Use Cash When Possible
Using cash is one of the best things parents can do to teach kids about money. That’s because cash is physical and transactional. Kids see their parents hand cash to the store clerk and then receive their items and change in return.
Cash also teaches counting, estimating, adding, and subtracting. Plus, when we use cash, we are less likely to overspend!
Play With Money
Playing with money is an excellent method for teaching kids about money. You can play games with real coins, use coins to create patterns or add play money and a cash register to your child’s dramatic play area.
When playing store with them, ask them how much things cost, and don’t be surprised when an apple is $25! As young kids explore money concepts, they’ll experiment with different amounts for things and may place a higher value on things they care about most!
I recommend laminating paper play money if possible to make it last longer. Look online for money-matching and pattern worksheets you can print at home! The U.S. Mint has suggestions for pre-k and up for teaching kids about money!
For older kids, playing board games like Monopoly that involve money is another great way to reinforce numerical concepts! You can also check out our Kneebouncer Games like Count Your Chickens and Numbers Match Game to practice counting and practice numeral recognition.
Consider Providing an Allowance
Not all families believe in providing an allowance, but I believe even toddlers should have opportunities to earn cash for chores that go above and beyond their regular household duties.
When kids are given opportunities to earn money for a well-done job, they also learn the value of working for what they want. Too often, kids today ask for something, and their parents buy it, leaving them to think they should get everything they want!
When kids have to earn the money they want to spend, they will appreciate it better and will likely be more discriminating about how they spend it.
Give Them a Bank
Give your child a bank or wallet to keep their money in. When children have a safe place to keep their money, it is easier to keep track of and teaches them responsibility. So many creative bank ideas are available; some even total the money for you when you add it to the bank!
I suggest parents avoid the traditional piggy bank that requires breaking it to retrieve the money because teaching kids about savings is often a give-and-take process. Look for banks with a twist off top or bottom, or let them choose a wallet with their favorite character.
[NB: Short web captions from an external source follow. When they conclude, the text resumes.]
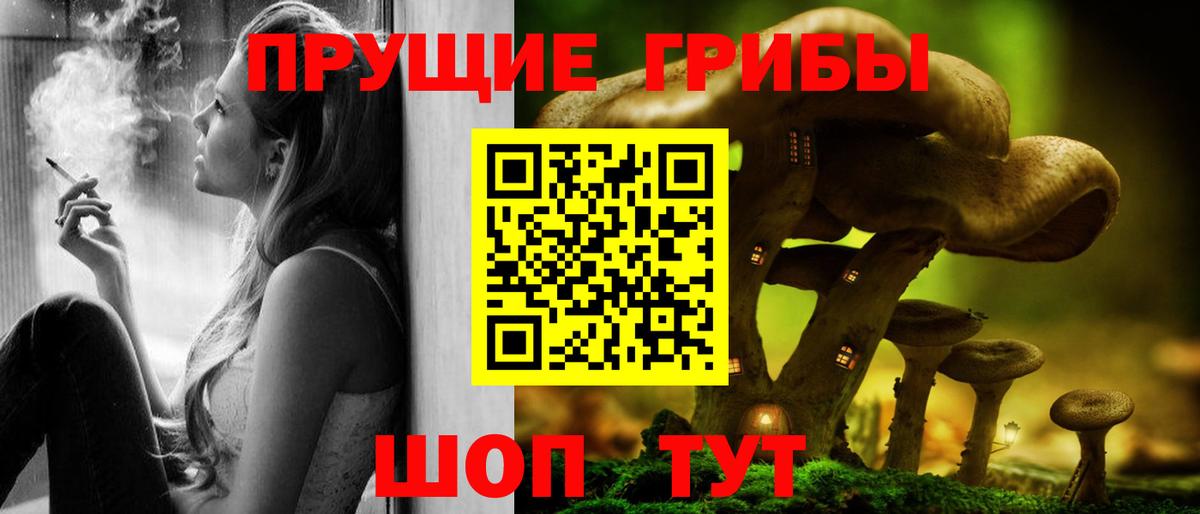 Вятские Поляны  наркошоп  Вход с VPN  Псилоцибиновые грибы Magic Shrooms 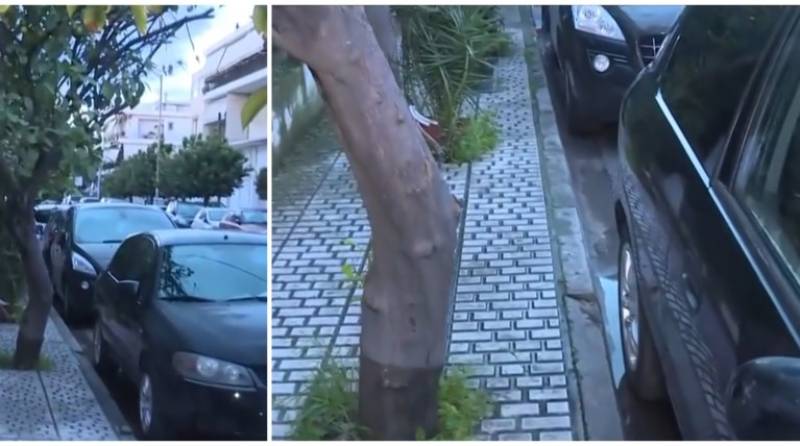 Ελευσίνα: Πάτησε κατά λάθος το γκάζι και εγκλώβισε τη 72χρονη μητέρα της σε δέντρο (βίντεο)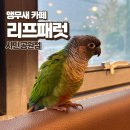 부산 서면 앵무새 이색 데이트 카페 리프패럿 시민공원점 후기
If you want to set aside money for your child to save, you can open a savings account with your bank. However, wait until kids are a bit older and have a firm grasp of numbers to teach them about bank accounts. Toddlers and preschoolers do much better with physical items when teaching kids about money.
Let Them Spend It The Way They Want
This is a tough one for most parents, myself included. However, kids should be free to spend their money how they choose. You can, of course, offer guidance and spending caps. For example, my eldest loves buying V-bucks for the online game Fortnite. If, for example, he gets $100 for his birthday, I’ll allow him to spend no more than $30 on Vbucks.
If your child is opting to spend their money in a way you think is unwise. Avoid telling them it’s a waste of money or silly, etc. Instead, reflect on why you think they could make a better choice and have them reflect on how the purchase may make them feel later.
Giving kids opportunities to make choices for themselves promotes independence and how to make intelligent decisions. A child may later regret their purchase of a toy or item, but we’ve all experienced buyer’s remorse, and it is an important life lesson.
Money is a tricky concept to teach and presents unique challenges. However, if kids learn early spending and saving habits while young, they are more likely to successfully manage their money as adults!